Nothing of what William’s subjects had in life escaped the Domesday Book. Today, more covertly, those in power are using mass surveillance to collect all the digital details of our lives. Flickr/Andrew Barclay, CC BY-NC-ND

This article is part of the Democracy Futures series, a joint global initiative with the Sydney Democracy Network. The project aims to stimulate fresh thinking about the many challenges facing democracies in the 21st century.


In 1085, almost two decades had passed since William the Conqueror’s victory at Hastings, but his realm was not secure. The threat of internal insurrection was constant. To consolidate his rule William needed to know who owned what, what taxes he could raise and where the military capacity he could call on, or which could be deployed against him, was located.

To find out, William commissioned a “Great Survey”. Royal officers were dispatched to make a detailed inventory of holdings in villages and towns across England. The results were recorded in the Domesday Book, as it came to be known. Like the Last Judgement of God, its findings were final and could not be revised or appealed against.

As the Anglo-Saxon Chronicles noted at the time:

It is shameful to tell, though he thought it no shame to do it, not even an ox, nor a cow , nor a swine was there left, that was not set down in his writ.

William presided over a feudal system. Everyone was subject to his arbitrary and unaccountable power.

The majority laboured as serfs on land owned by lords who demanded the lion’s share of their produce. The lords also had access to land and resources held in common that supported a degree of self–sufficiency.

The enclosure movement dismantled this system. That led to a political struggle to compel the new political and economic order of capitalism to recognise and uphold the rights of citizens to elect governments and hold them accountable.

The rise of saturation surveillance

By recording every key stroke or screen touch, every email, every posting, every page viewed and every person contacted, and by using this data in the pursuit of security and profit, the present regime of saturation surveillance is re-inventing the Domesday Book for digital times. The result is a profound contradiction at the heart of formally democratic societies.

While the fine detail of our daily lives becomes ever more available to governments and corporations, many of their activities remain concealed behind walls of “national security” and “commercial confidentiality”.

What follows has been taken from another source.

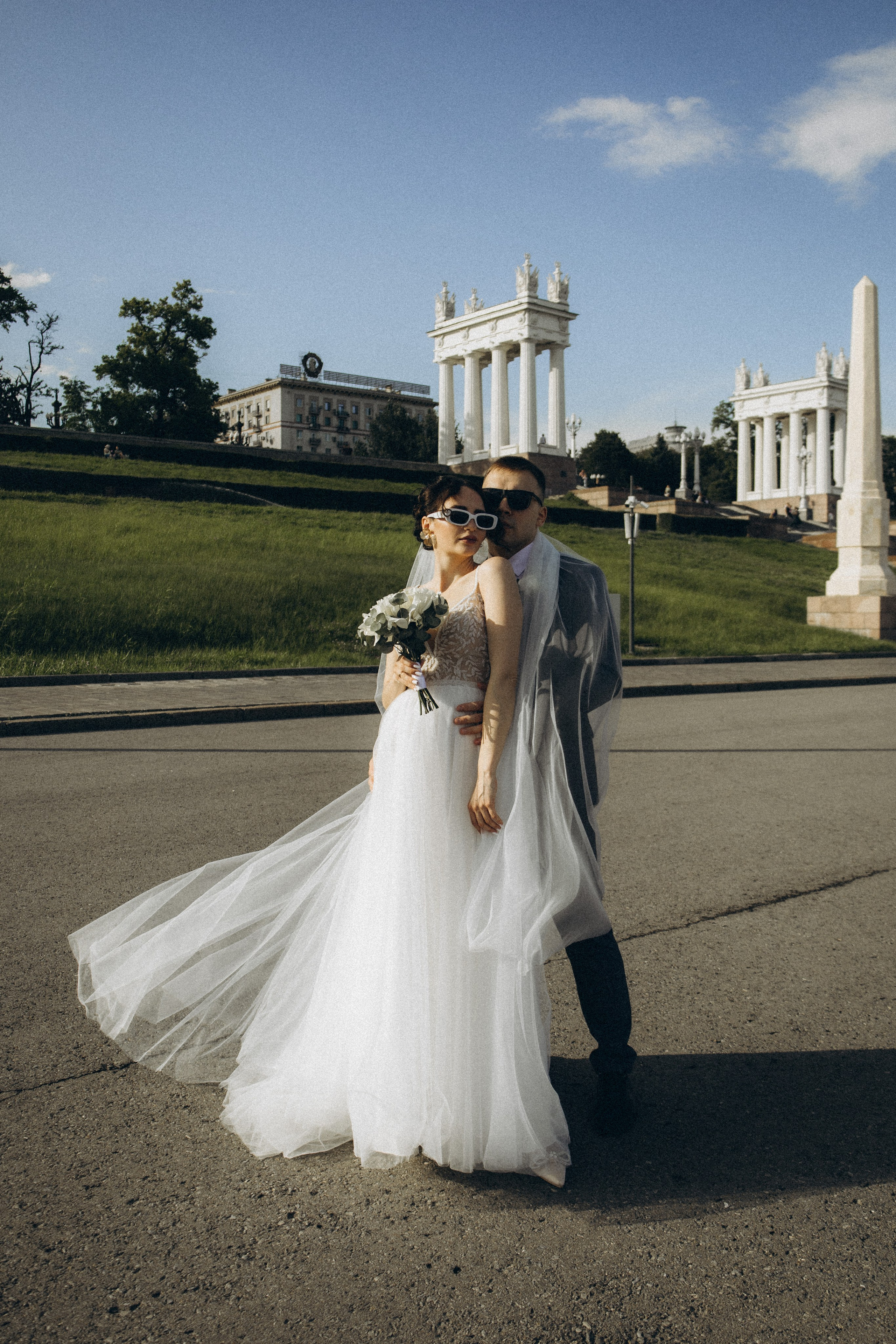 Свадебная. Фотограф Оксана Пономарева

The revolutionary crowds in Paris in 1789 demanded a social and political order grounded in liberty, equality and mutuality. Saturation surveillance undermines all three of these core principles. It returns us to a condition of serfdom, where we look to increasingly unaccountable powers to guarantee our safety, security and labour in the virtual fields owned by online landlords.

In doing so, we grant them control over our personal data and our produce. To understand how we have arrived at this situation, we can usefully begin with shifting perceptions of threat.

Enemies within, a century ago and now

The modern state security complexes in the US and UK emerged in the years surrounding the first world war. In 1914, the British Secret Service Bureau – which had been launched in 1909 – was split into two. The Security Service (MI5) assumed responsibility for domestic intelligence, while the Secret Intelligence Service (MI6) took charge of foreign intelligence.

In a parallel development, in 1908 the US established a domestic intelligence agency, the Bureau of Investigation. This was the precursor of the Federal Bureau of Investigation (FBI).

Against a background of mass migration, domestic surveillance came to focus on “enemies within”, or immigrants who championed “alien” ideas. Anarchist activists were a particular concern, fuelled by the bombing of the Royal Observatory in London in 1894 and bombings in seven cities across the US in June 1919.

This Philadelphia Inquirer cartoon from 1919 is not much different from some cartoons being published today. FBI Philadelphia Division

A cartoon in The Philadelphia Inquirer depicted the threat as a heavily bearded man in a turban creeping under the American flag and holding a torch labelled “anarchy”. It was an iconic image, recently resurrected with little or no modification to depict jihadists, the new “enemies within”.

On July 7, 2005, four young British men detonated rucksack bombs in London, three in the underground system and one on a bus. They killed themselves and 52 others, as well as injuring more than 700 people. One was married with a child and employed as a learning mentor in a primary school. Another lived with his parents and worked in a fish and chip shop.

It was precisely this appearance of ordinariness that caused most concern. The enemy within was no longer arriving from overseas. Instead, they were nationals who gave every appearance of being assimilated.

The London bombings confirmed for the intelligence community that identifying potential terrorists was becoming more difficult. The familiar, paramilitary styles of organisation typified by the notorious Irish Republican Army were being replaced by “new”, more fluid forms. Activities are planned independently by small groups or “freelancers” (not formal members of an organisation) inspired by ideological appeals.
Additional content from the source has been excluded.